Now published! - http://www.whensallymetsally.co.uk/...monroe-nightingale-roosevelt-woolf-antoinette


----------



## escorial (Jun 24, 2014)

interesting read


----------



## Gumby (Jun 24, 2014)

I enjoyed the read, ej, very interesting. The tone and down to earth quality was refreshing, I hate being preached to for any purpose and you informed me without beating me over the head. I like. 
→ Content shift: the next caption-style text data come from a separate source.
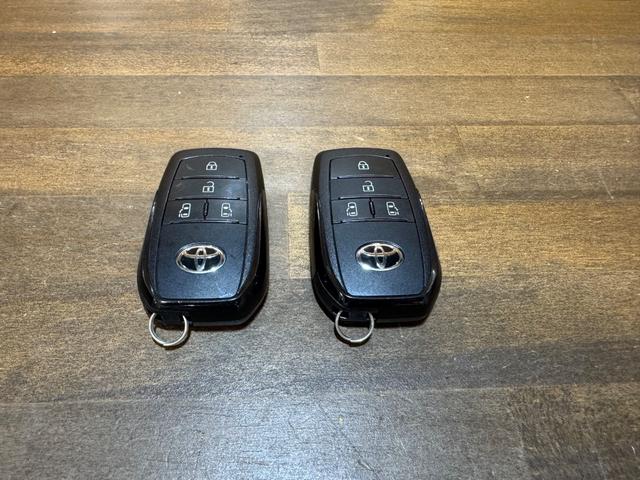 ヴォクシー ハイブリッドＳ－Ｇ　モデリスタエアロ／アルミ　ドライブレコーダー　バックカメラ　ナビ　ＴＶ　クリアランスソナー　オートクルーズコントロール　レーンアシスト　両側電動スライドドア　福祉車両　サイドリフトアップチルトシート（60枚目）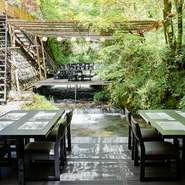 クーラーや扇風機とは違い自然のマイナスイオンを感じられる心地の良い川床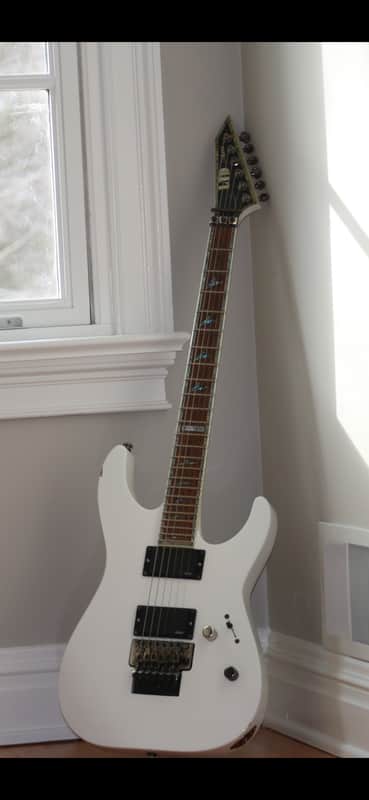 ESP LTD-M 1000 Deluxe 2008 - Snow White with Full Abalone Binding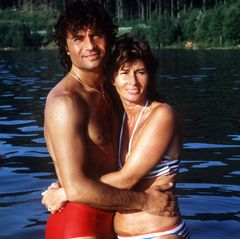 Costa Cordalis (†): 1971 geben sich Costa und Ingrid Cordalis das Ja-Wort. Obwohl Costa Cordalis in seiner Biographie "Der Himmel muss warten" verrät, dass die beiden auch schwere Zeiten hatten und sogar an eine Trennung dachten, hält ihre Liebe fast 50 Jahre lang.
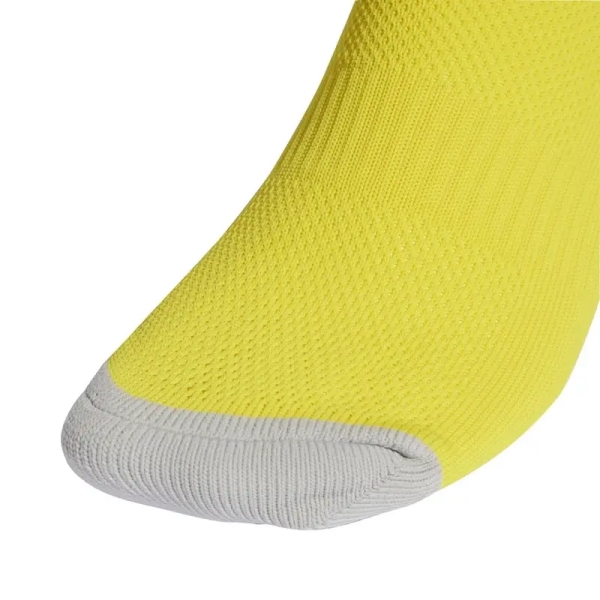 Adidas IB7815 futbolo getrai, geltonos spalvos Adidas IB7815 futbolo getrai, geltonos spalvos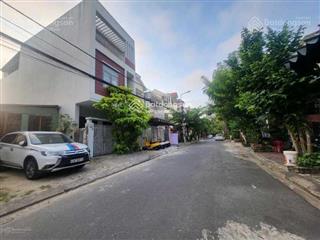 Bán cặp đất biển đường trần thanh mại dt 150m2 ngang 10m (cách biển 300m)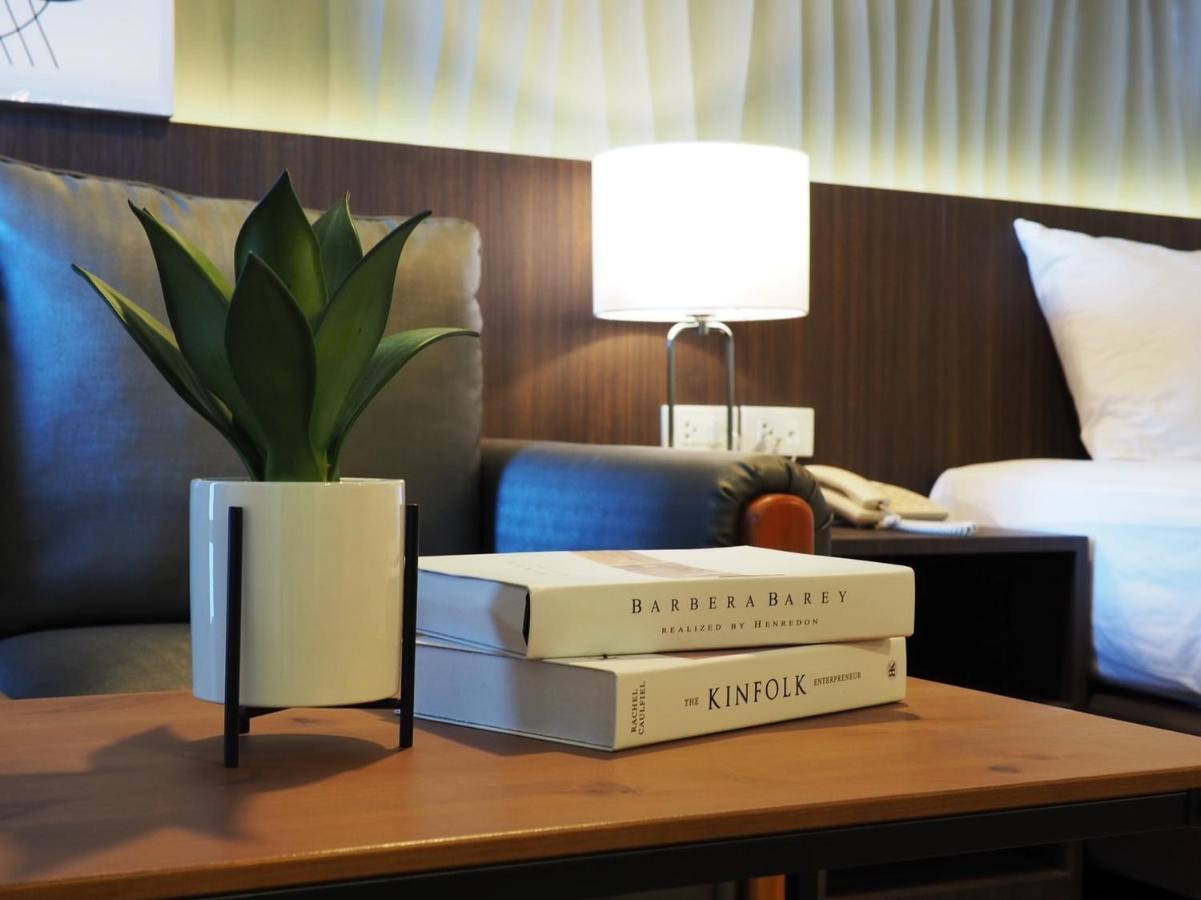 Pb Grand Hotel Хат Яй Екстериор снимка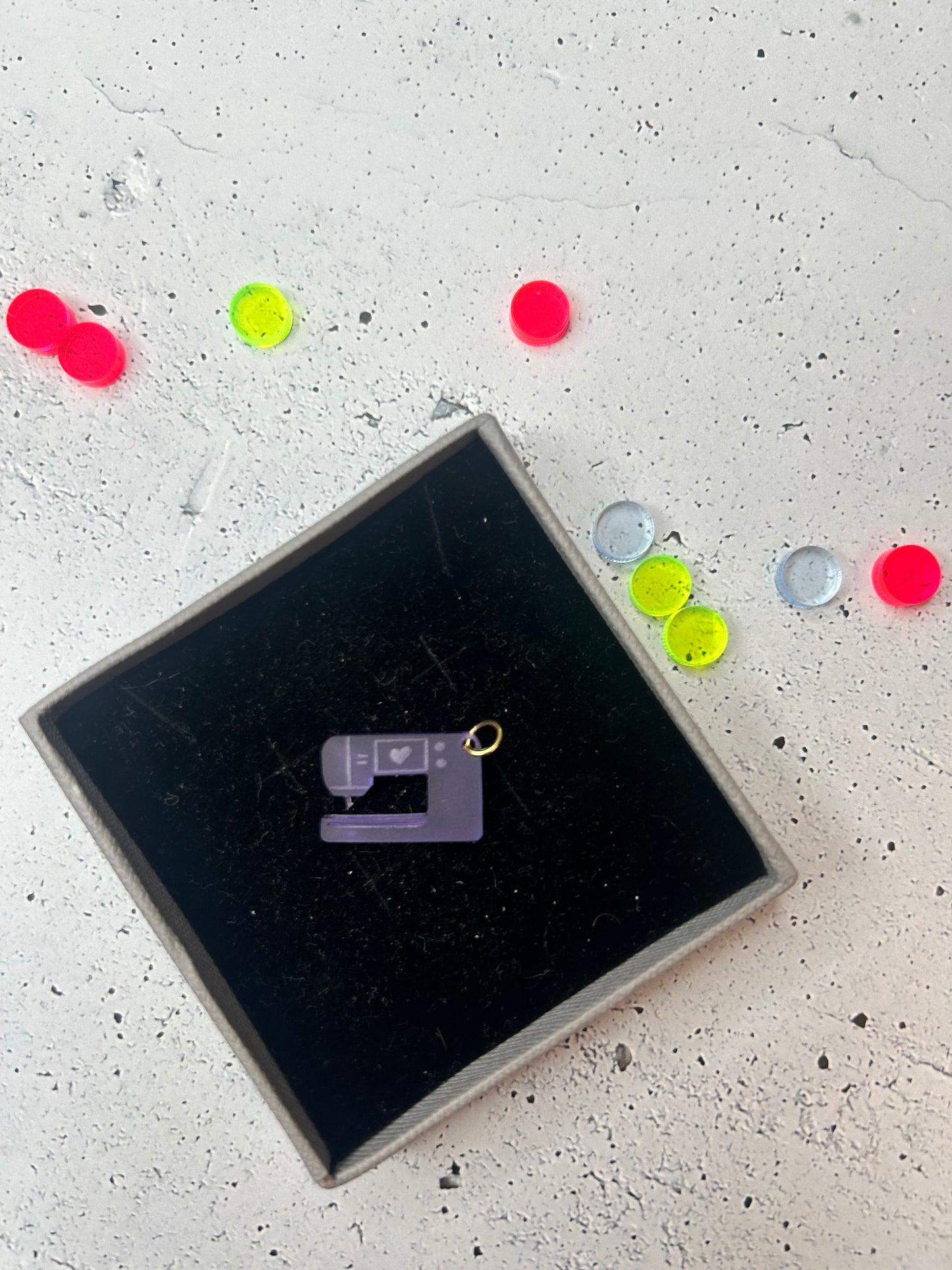 Anhänger "Nähmaschine" - verschiedene Farben verfügbar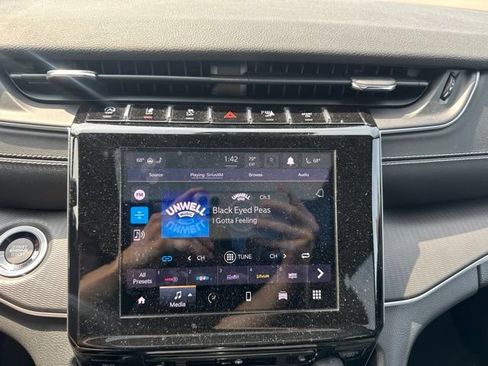 Used 2023 Jeep Grand Cherokee Altitude AWD/4WD image 17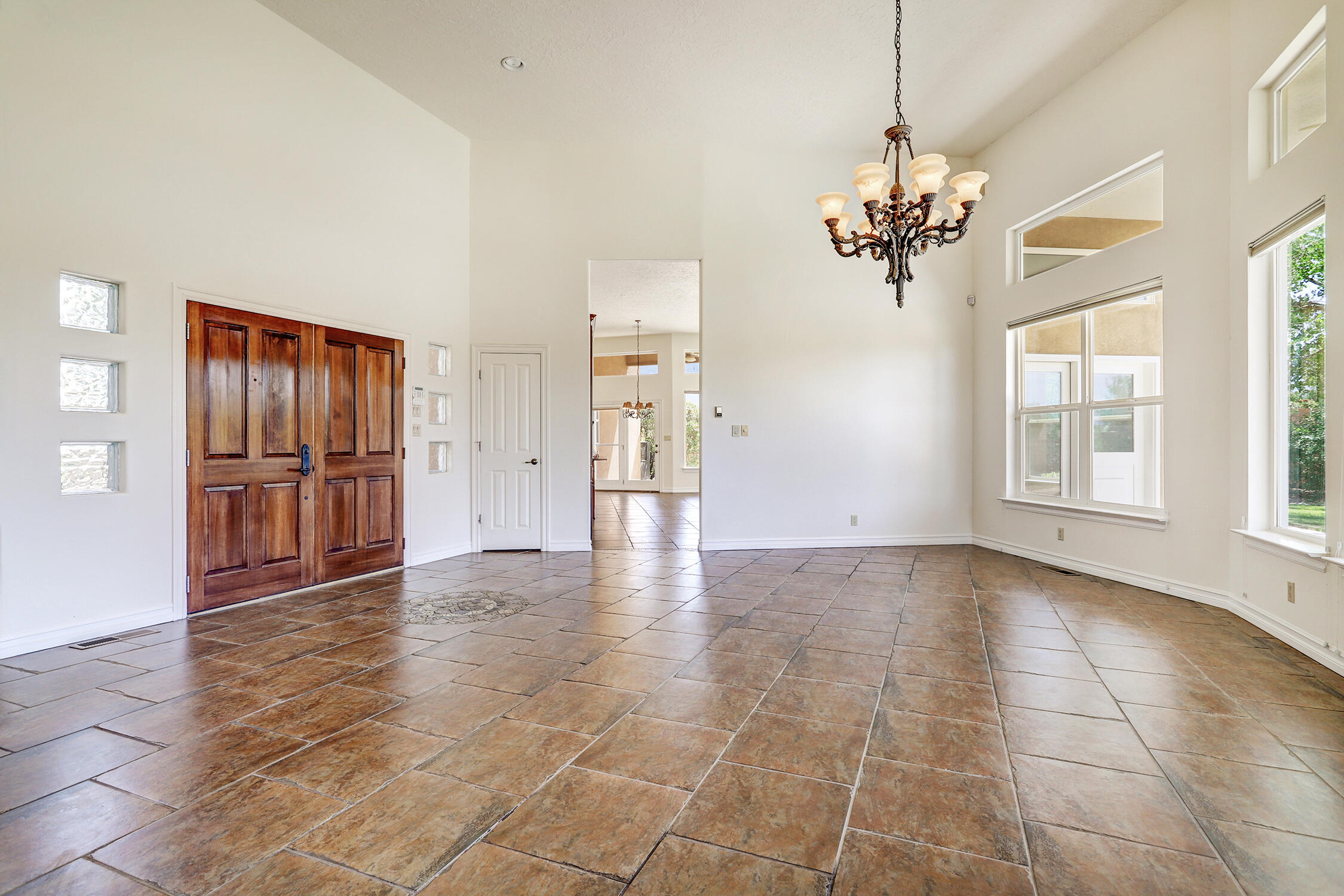 8300 SAN DIEGO Avenue NE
Congratulations on being published, too. Awesome!


----------



## Pidgeon84 (Jun 24, 2014)

What a funny little read. I really enjoyed it. Congrats on the publication as well. Well deserved!


----------



## DannyMullen (Jul 6, 2014)

Informative. Thank you for sharing.


----------



## dither (Jul 7, 2014)

How sad that it mattered.


----------



## Shaudawn (Jul 17, 2014)

For one, I can only echo what Gumby wrote: interesting and refreshing.  I greatly appreciated the joyful and celebratory tone, and to combine that with some interesting history that made me pause.  Congratulations on getting published! (suppressing envy... erg... whew! )  You also interlaced the history with personal references, which made me smile.  I love an earthy person.  Keep up the good work.  And thank you for this!


----------